Waar de straat het winkelcentrum naderde helde hij iets omlaag en door een vreemd toeval viel die grens precies samen met de vloedlijn die er geweest zou zijn als het gebied werkelijk onder water had gestaan. Ongeveer anderhalve kilometer van de stad, liep deze lage richel die deel uitmaakte van de rand van een enorm, natuurlijk bassin dat de alluviale vlakte eronder omsloot, uit op een lage kalkrots. Hoewel die gedeeltelijk achter de tussenliggende huizen verborgen lag, herkende Mason hem nu duidelijk als de kaap die als een burcht boven de zee uitrees. De hoge golven liepen zich te pletter tegen zijn flanken en deden enorme schuimfonteinen opspatten die met een bijna hypnotische traagheid terugvielen op het terugwijkende water, 's Nachts leek de kaap veel groter en hoekiger, een enorm onaangetast bolwerk tegen de zee. Mason nam zich voor op een avond naar de kaap te gaan en zich door de golven te laten wekken als hij op de top sliep.
Een auto reed langzaam voorbij en de bestuurder keek nieuwsgierig naar Mason die doodstil midden op straat stond met zijn gezicht naar de hemel. Mason die niet nog vreemder wilde lijken dan hij al werd gevonden - de eenzame, verstrooide echtgenoot van de knappe maar kinderloze mevrouw Mason - sloeg de laan in die langs de richel liep. Toen hij dichterbij de klip kwam keek hij tussen de heggen of hij soms natte tuinen zag of gestrande auto's. De huizen hadden bijna helemaal onder water gestaan.

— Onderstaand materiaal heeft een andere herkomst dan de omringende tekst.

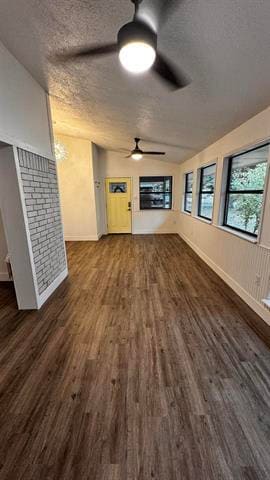 Building Photo - 2820 Sunnybrook Ln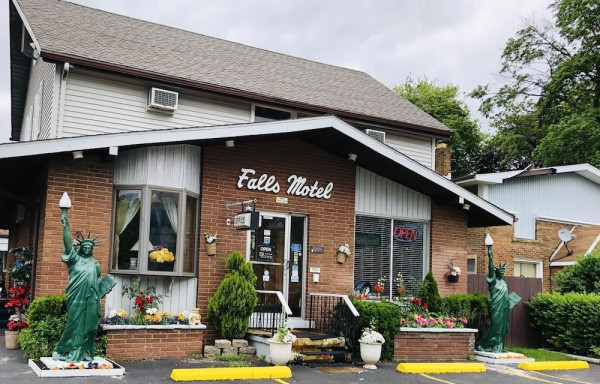 Falls Motel (Niagara Falls)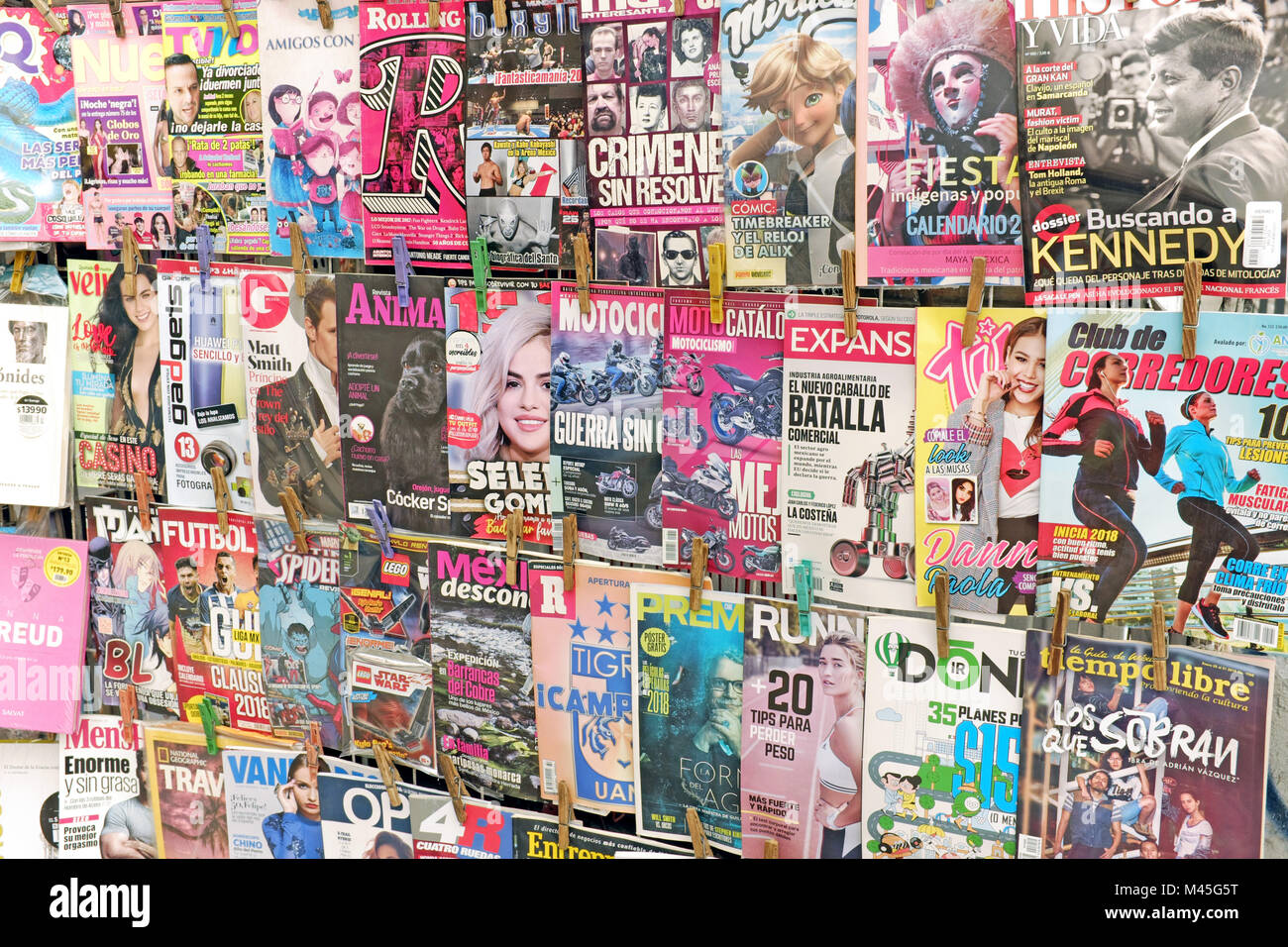 Magazines étendus dehors un kiosque dans la ville de Mexico, Mexique soulignant la culture populaire au début de 2018. Banque D'Images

Het was nog maar drie weken geleden dat Mason voor het eerst de zee had gezien, maar toen was hij er al van overtuigd dat hij echt was. Hij moest toegeven dat het water na de nacht geen enkel teken achterliet op de honderden huizen die het overspoelde en hij maakte zich ook in het geheel niet bezorgd over de mensen die zouden moeten verdrinken en die waarschijnlijk, als hij toekeek hoe de lichtende golven kapot sloegen op de daken, ongestoord lagen te slapen in de enorme, vloeibare kast van de zee. Ondanks deze paradox, was het zijn absolute overtuiging dat de zee echt was, die hem aan Mirjam had doen bekennen dat hij op een nacht wakker was geworden van het geluid van golven en toen naar buiten was gegaan en daar de zee over de straten en de huizen van de buurt had zien rollen. Eerst had ze alleen maar gelachen en aanvaardde ze deze uitleg van zijn vreemde, eigen wereld. Maar drie nachten later was ze wakker geworden toen hij bij zijn terugkeer de deur achter zich dichttrok en was ze geschrokken van zijn bonkende hart en zijn gespannen, bezwete gezicht en de griezelige glans in zijn ogen.

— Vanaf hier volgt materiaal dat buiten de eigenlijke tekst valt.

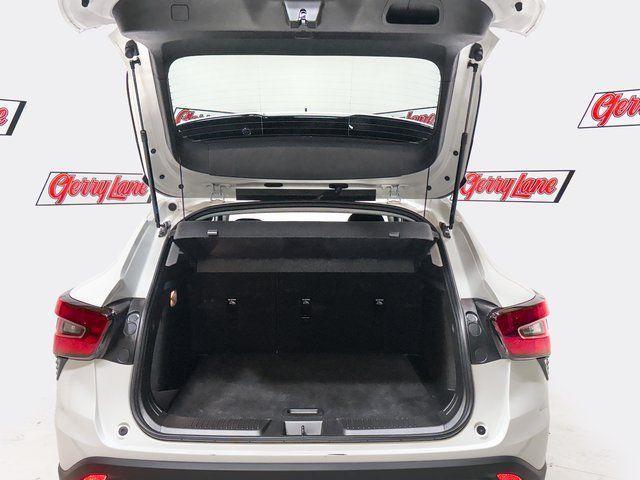 used 2025 Chevrolet Trax car, priced at $21,998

Sindsdien deed ze de hele dag niets anders dan over haar schouder uit het raam kijken of ze de zee zag. Wat haar minstens zoveel verontrustte als het visioen zelf was het feit dat Mason doodkalm bleef in het aangezicht van deze beangstigende, onderbewuste apocalyps.
Mason was moe van het wandelen en hij ging even zitten op een laag siermuurtje dat van de omringende huizen werd afgeschermd door rhododendronstruiken. Hij speelde een paar minuten met het stof aan zijn voeten en roerde met een takje in de harde witte korrels. Hoewel het stof vormloos en passief was, had het iets betoverends gemeen met de fossiele schelp en straalde het hetzelfde vreemde, geconcentreerde licht uit.
Voor hem kromde de weg zich omlaag. De helling liep langzaam naar beneden over de velden in de diepte. De kalkklip die met een mantel van groen gras was bedekt rees loodrecht de heldere lucht in. Op de helling stond een metalen hut en bij de ingang van een mijnschacht was een klein groepje mensen bezig een houten hijsinstallatie op te stellen. Terwijl hij wilde dat hij de auto van zijn vrouw had meegebracht, keek Mason hoe de kleine figuurtjes een voor een in de schacht verdwenen.
Het beeld van deze heimelijk pantomime bleef hem de hele dag in de bibliotheek bij en verdrong zijn herinneringen aan de donkere golven die door de nachtelijke straten hadden gerold.
Wat Mason in het aangezicht van deze opdringende nachtmerrie overeind hield, was zijn overtuiging dat de anderen zich ook spoedig bewust zouden worden van de zee. Toen hij die avond naar bed ging zat Mirjam volledig gekleed in de leunstoel bij het raam met een kalme, vastberaden uitdrukking op haar gezicht.
'Wat doe je?' vroeg hij.
'Ik wacht.'
'Waarop?'
'Op de zee. Maak je maar niet druk, let gewoon maar niet op mij en ga naar bed. Ik vind het niet erg om hier te zitten met het licht uit.'
'Mirjam...' Vermoeid pakte Mason haar bij een van haar slanke handen en probeerde haar uit de stoel te trekken. 'Lieverd, wat ter wereld wil je daarmee bereiken?'
'Ligt dat niet voor de hand?'
Mason ging op het voeteneind van het bed zitten. Om de een of andere reden, en niet alleen omdat hij haar wilde beschermen, wilde hij zijn vrouw weghouden van de zee.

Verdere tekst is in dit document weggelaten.